• **Image-text web data**:
Content starts

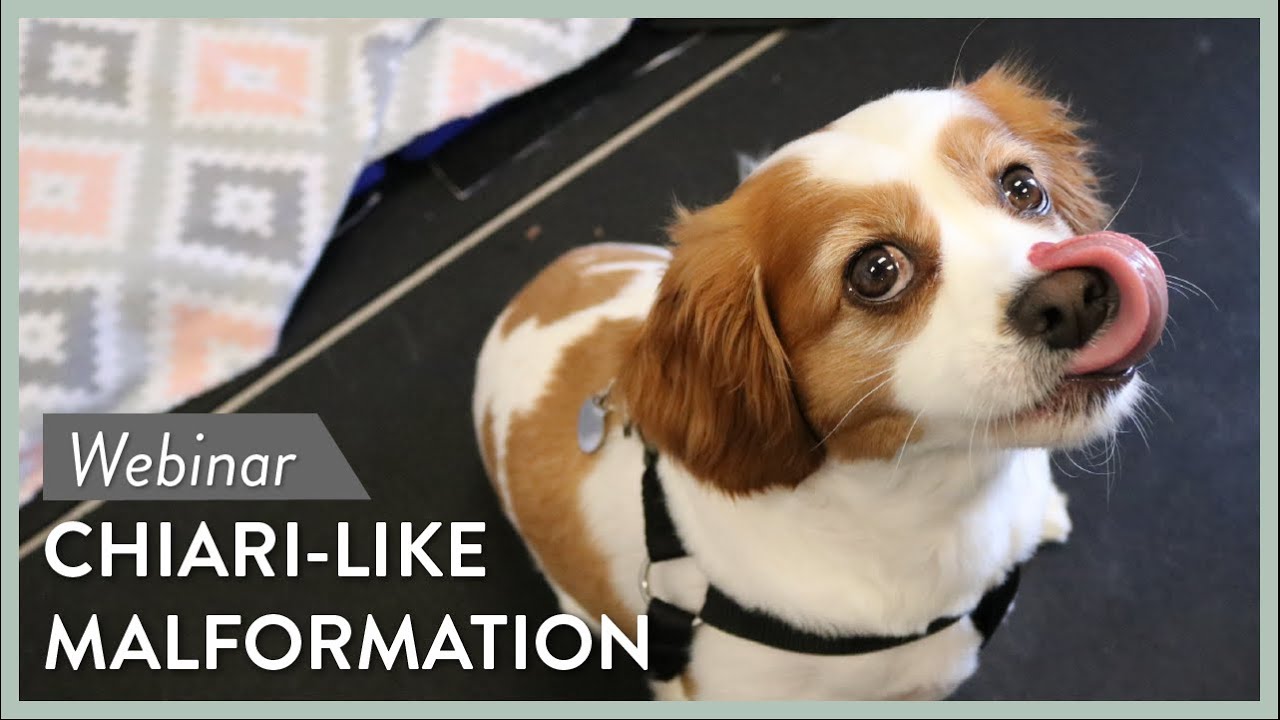 Canine Chiari-Like Malformation & Neuropathic Pain || Webinar Series Lecture # 2
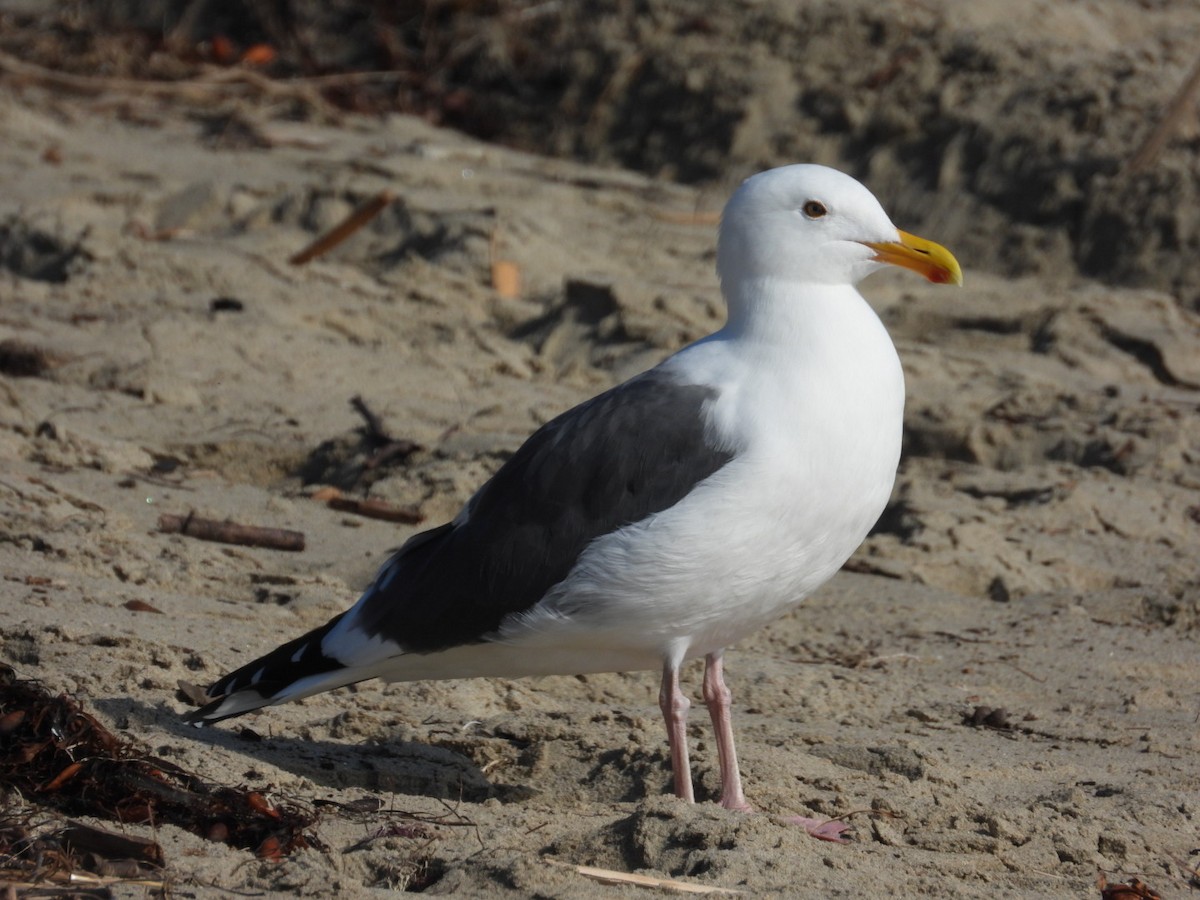 Western Gull - ML646866631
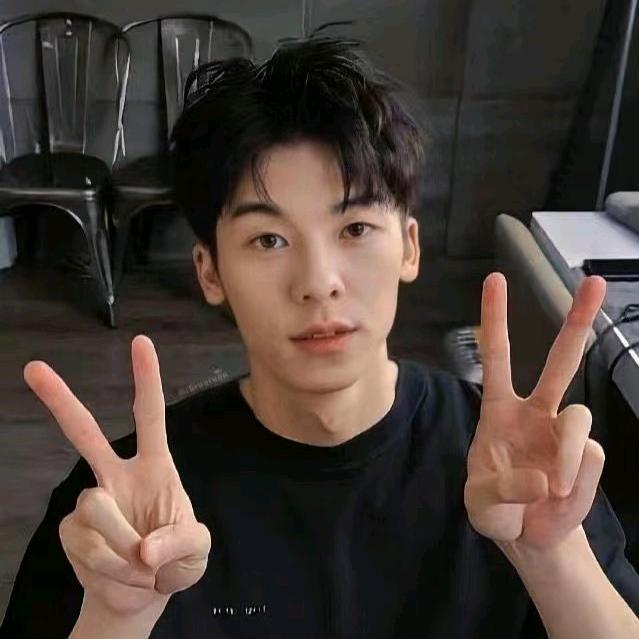 Verdure.(八次登船版🛸)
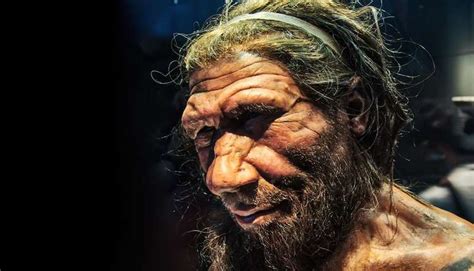 Dna De Humanos Modernos E Neandertais Se Misturou Por Mil Anos Diz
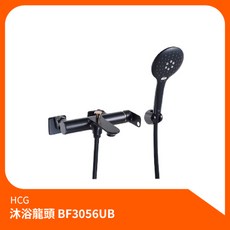 HCG 和成 沐浴龍頭 BF3056UB 霧黑淋浴組, 1個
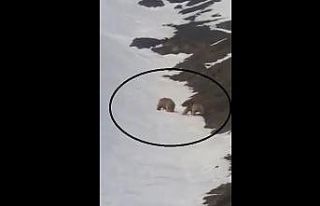 Kış uykusundan uyanarak doğaya çıkan ayılar...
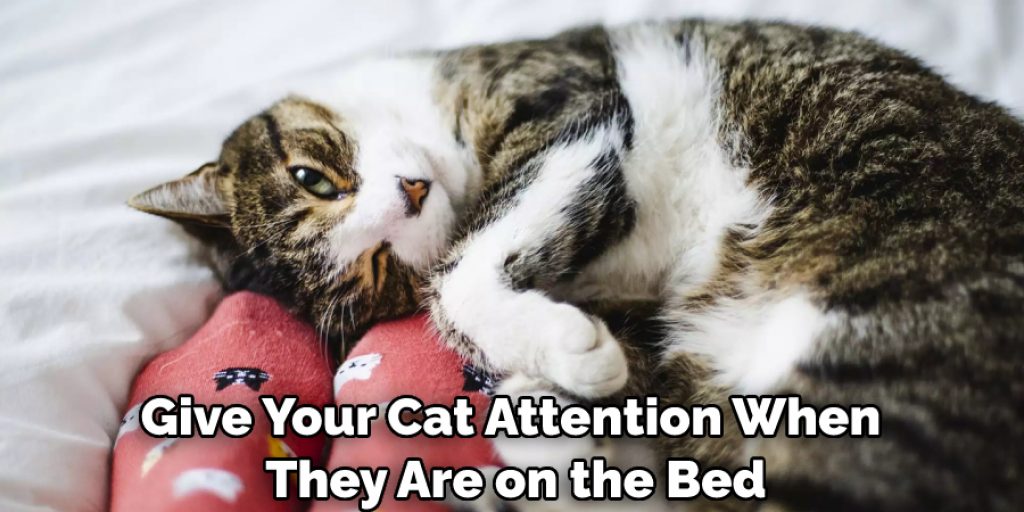 Give Your Cat Attention When They Are on the Bed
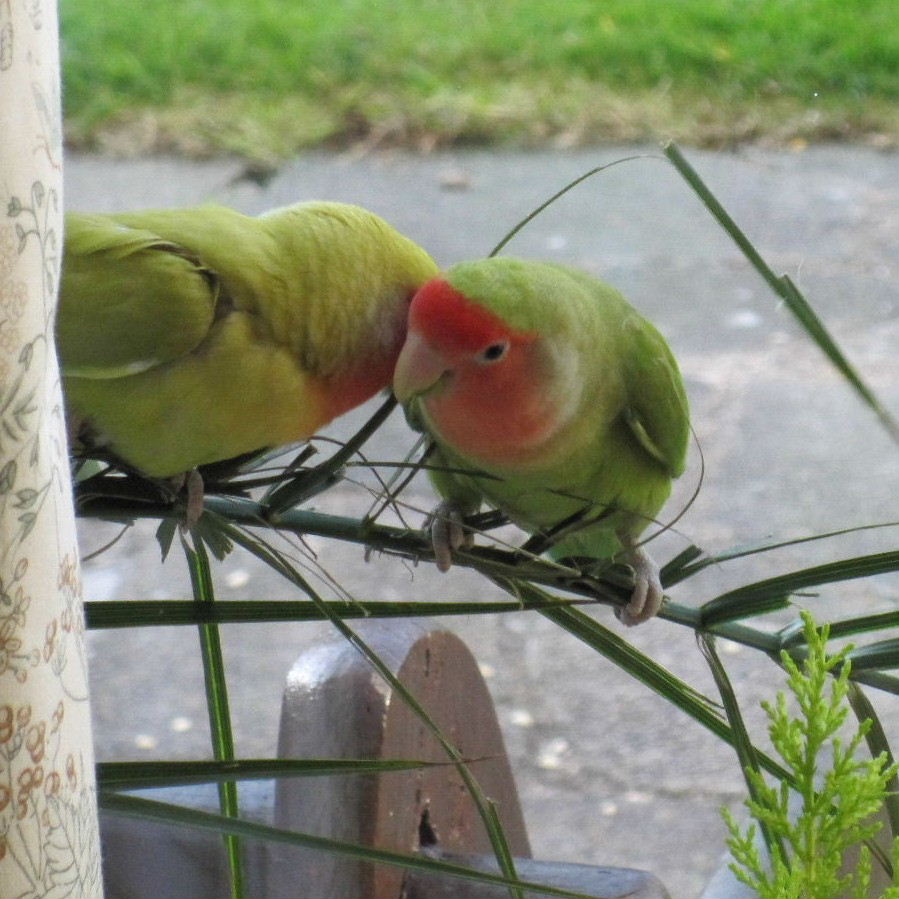 Do you want to know a secret?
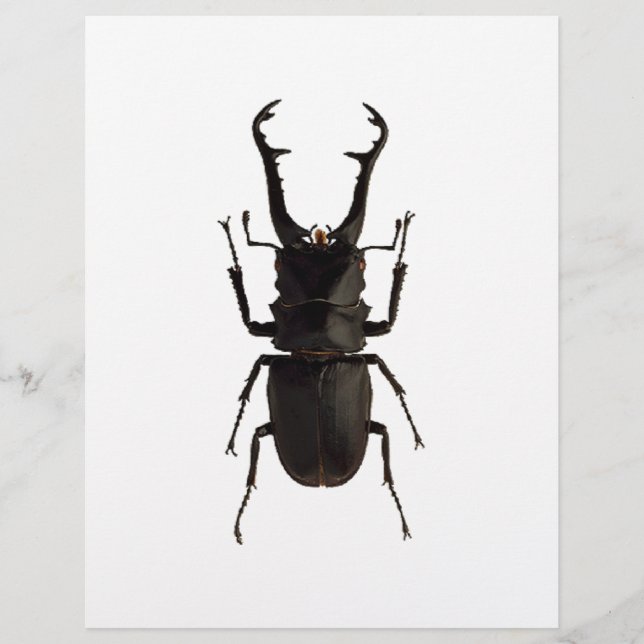 Stag Beetle (Front)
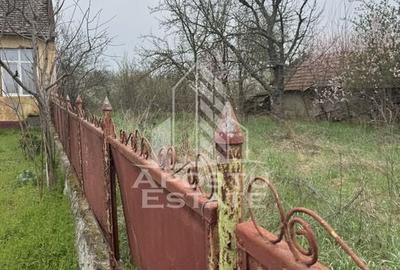 Casă unifamilială în Remetea Mare  cu teren de 3383 mp. - 8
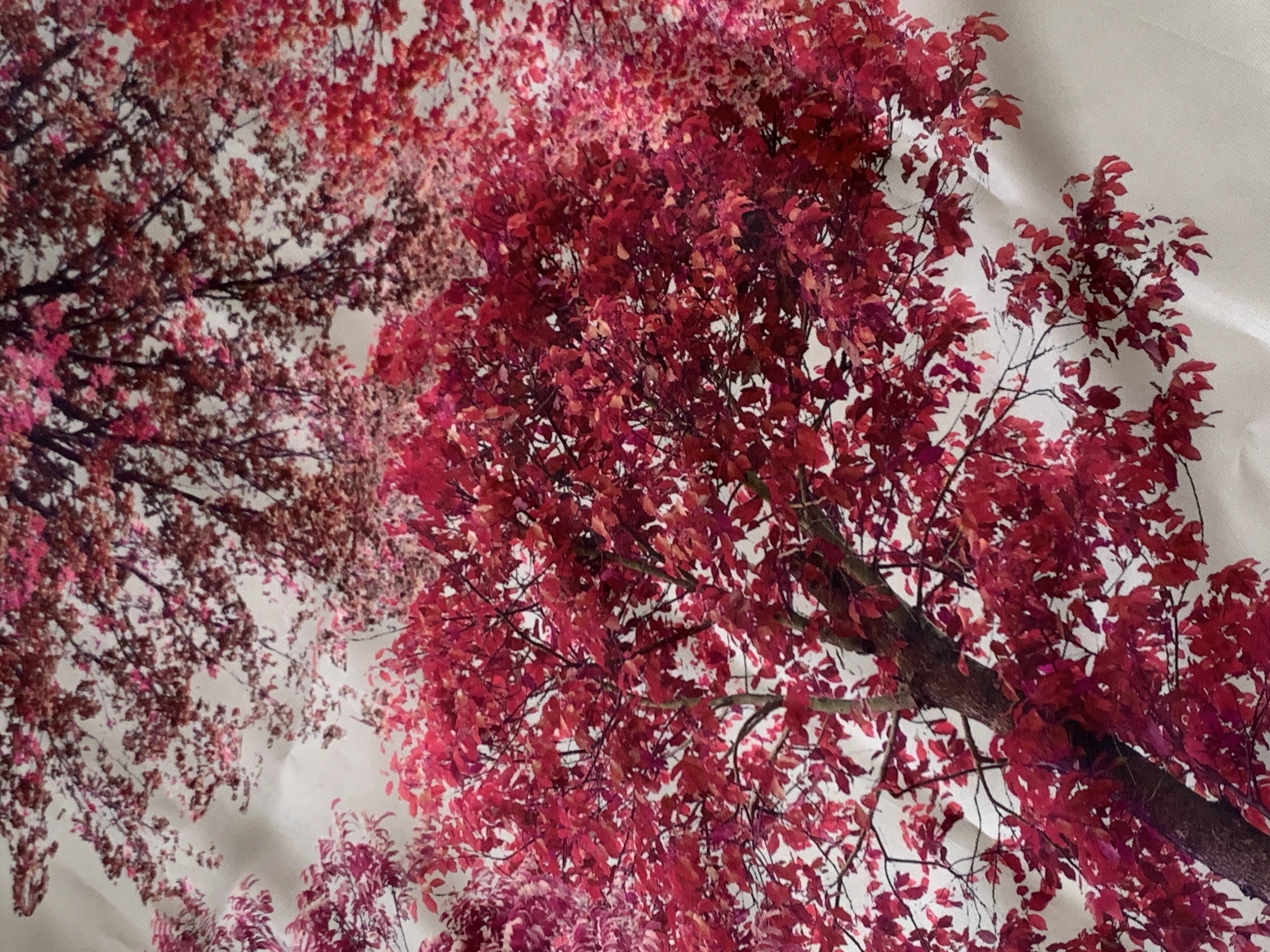 Flower Print Silk Scarf - Pink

Content ends

Retype every entry verbatim and exclude the pictures from the copy.

• **ANSWER SECTION**:
 Canine Chiari-Like Malformation & Neuropathic Pain || Webinar Series Lecture # 2
 Western Gull - ML646866631
 Verdure.(八次登船版🛸)
 Dna De Humanos Modernos E Neandertais Se Misturou Por Mil Anos Diz
 HCG 和成 沐浴龍頭 BF3056UB 霧黑淋浴組, 1個
 Kış uykusundan uyanarak doğaya çıkan ayılar...
 Give Your Cat Attention When They Are on the Bed
 Do you want to know a secret?
 Stag Beetle (Front)
 Casă unifamilială în Remetea Mare  cu teren de 3383 mp. - 8
 Flower Print Silk Scarf - Pink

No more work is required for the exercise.